Action mechanism of biased, bivalent, and bitopic ligands. A) Example of a biased ligand (shown as purple sphere) to selectively promote G protein signalling while suppressing arrestin-mediated transduction. The inset shows the binding mode of oliceridine in MOR (PDB ID 8EFB) and the different stabilization of the GPCR active conformation, competent for the binding of the G protein but not the arrestin. B) Example of a biased ligand endowed with G protein subtype selectivity. The inset shows: (Upper) the binding mode of rivenprost (in purple) and L-902688 (in yellow) in the EP4-Gs complex, and (Lower) the binding pose of L-902688 in the EP4-Gs complex (ligand in yellow) compared to the binding pose of the same ligand in the EP4-Gi complex (ligand in orange) (10.1073/pnas.2216329120). C) Schematic representation of a bivalent ligand action mechanism in promoting dimerization of two different GPCRs. D) Example of GPCR binding by a bitopic ligand. In the inset, two different examples of bitopic ligands experimentally resolved are shown. On the left, salmeterol binding to β2 adrenergic receptor (PDB ID 6MXT) is reported. The horizontal solid line divides the exosite from the OBS. On the right, B6 binding to μ opioid receptor (PDB ID 7U2K) is depicted.

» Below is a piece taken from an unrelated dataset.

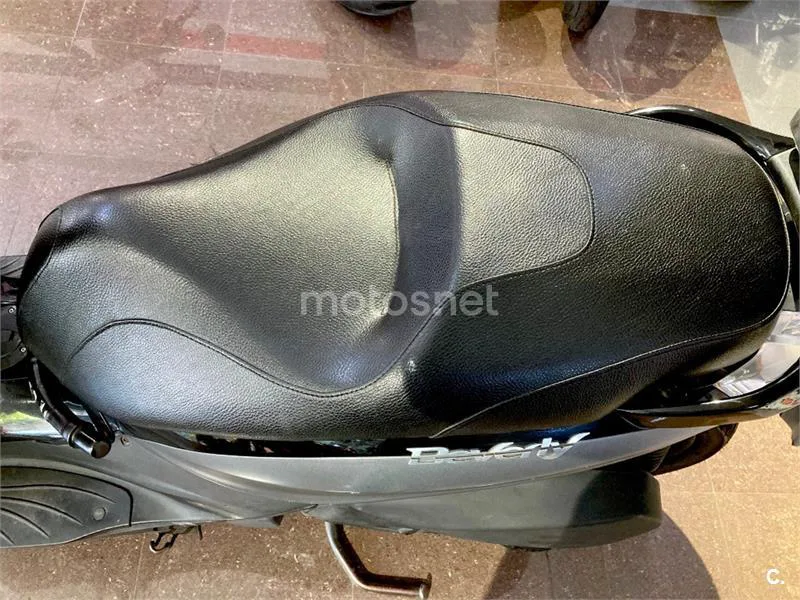 Piaggio Beverly 300 – Vista 14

Here, the horizontal solid line divides the OBS from the sodium binding pocket.

Figure 5.

Experimental and computational pipeline for the rationalization of the GPCR activation mechanism and the allosteric network connecting the OBS and the IBS. NMR spectra were adapted from Abiko et al.

Figure 6.

Example of GPCR dimerization leading to a change in the OBS and IBS conformations. At the bottom, the red arrows show the structural detail of the conformational rearrangement of the CCR5’s OBS (on the right) and IBS (on the left) in CCR5-CXCR4 heterodimer and CCR5 homodimer, respectively. In CCR5-CXCR4 dimer, the presence of CXCR4 induces a partial closure of the OBS, thus hampering ligand entry. On the other hand, in CCR5 homodimer, the volume of the IBS of one protomer increases due to the interaction with the other. Figures adapted from Di Marino et al.. The GPCRs forming the dimer are shown as light blue and green cartoons, whereas the corresponding inactive protomer is shown in yellow overlapped with the light blue protomer of the dimers for comparison.

Figure 7.

Distinct lipid interaction mechanisms across the GPCR family. Structures of the Class A serotonin (5-HT_1A, PDB: 7E2X) and neurotensin (NTSR1, PDB: 6UP7) receptors in complex with phosphatidylinositol-4-phosphate (PI(4)P) and the phosphatidylinositol-4,5-bisphosphate (PI(4,5)P₂) headgroup, which aid binding of G protein and β-arrestin effector proteins.^, Interaction of the Class B1 glucagon receptor (GCGR, PDB: 5XEZ) with PI(4,5)P₂, as observed in MD simulations (adapted from Ansell et al.).